Possibilities of compliance after the Organic Law 1/2015

When a prison sentence is received, it is often thought that everything is already done. There is no need to worry about what will happen afterwards, since the guarantees of the system have already been applied in the criminal process and the infringement of rights will not go beyond what is necessary for the fulfillment of the sentence. Only those who have experienced prison know how wrong this view is and how much can be done during the time of compliance from a legal standpoint. Something similar happens when one reaches open regime. We think everything is already done. However, as before, nothing could be further from the truth. From a social perspective, this is a key moment where having support and accompaniment is of radical importance. From a legal perspective, the reform of parole in 2015 makes its application and request a relevant aspect to consider.

According to article 72.1 of the General Penitentiary Law: “Prison sentences shall be executed according to the system of scientific individualization, divided into degrees, the last of which shall be parole, as determined by the Penal Code”. In this sense, talking about parole from a penitentiary perspective is equivalent to talking about a way of fulfilling the prison sentence, with the time spent in it being effective fulfillment. With Organic Law 1/2015, amending the Penal Code, the situation changes radically, as it not only regulates as a suspension modality what was previously sentence substitution, but also parole itself. With regard to the latter, and in accordance with article 90.1 of the Penal Code: “The judge of penitentiary surveillance shall order the suspension of the execution of the rest of the prison sentence and grant parole to the inmate who meets the following requirements: […]”.

The introduced change aligns our regulations with those of other legal systems that consider the latter part of the sentence as an alternative measure to fulfillment. Back-end programs, that is, those that shorten the last period of imprisonment, are considered as alternatives to it. Thus, the use of the term alternative measure is admitted not only for sentences that replace imprisonment, but also for those that mitigate it. This is the result of combining Punitive Populism and Decarceration, and their eagerness to find alternative measures that are sufficiently harsh to appease public opinion. Hence, despite parole being configured as a sort of alternative to the prison sentence in the form of sentence suspension, it may still involve a prior period of effective internment. Paradoxically, its regime as an alternative measure is stricter than that resulting from its consideration as a fulfillment period.
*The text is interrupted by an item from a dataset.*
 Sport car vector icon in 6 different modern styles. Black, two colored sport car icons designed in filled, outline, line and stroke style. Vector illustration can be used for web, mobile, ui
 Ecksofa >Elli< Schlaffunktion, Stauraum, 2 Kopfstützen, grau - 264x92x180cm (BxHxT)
Let us not forget that, in accordance with its regulation as a suspension mechanism, and unlike before the reform, the revocation of parole results in the loss of the time spent in compliance with it. The practical result is that a significant number of inmates, once they reach third degree, reject access to parole due to the highly negative consequences of its revocation, not only for committing a new crime, but for mere non-compliance with the imposed obligations. Particularly if we consider long sentences, where compliance tribulations can be multiple. In the described regulatory context, it is preferable to access more open modalities of third degree — for example, article 86.4 — than to parole itself. Finally, as a final note, it is essential to consider that this new modality of parole should only be applied if the criminal acts are committed after the entry into force of the 2015 reform. Otherwise, what should be applied is parole according to its previous version which, as mentioned, is more beneficial than the current one.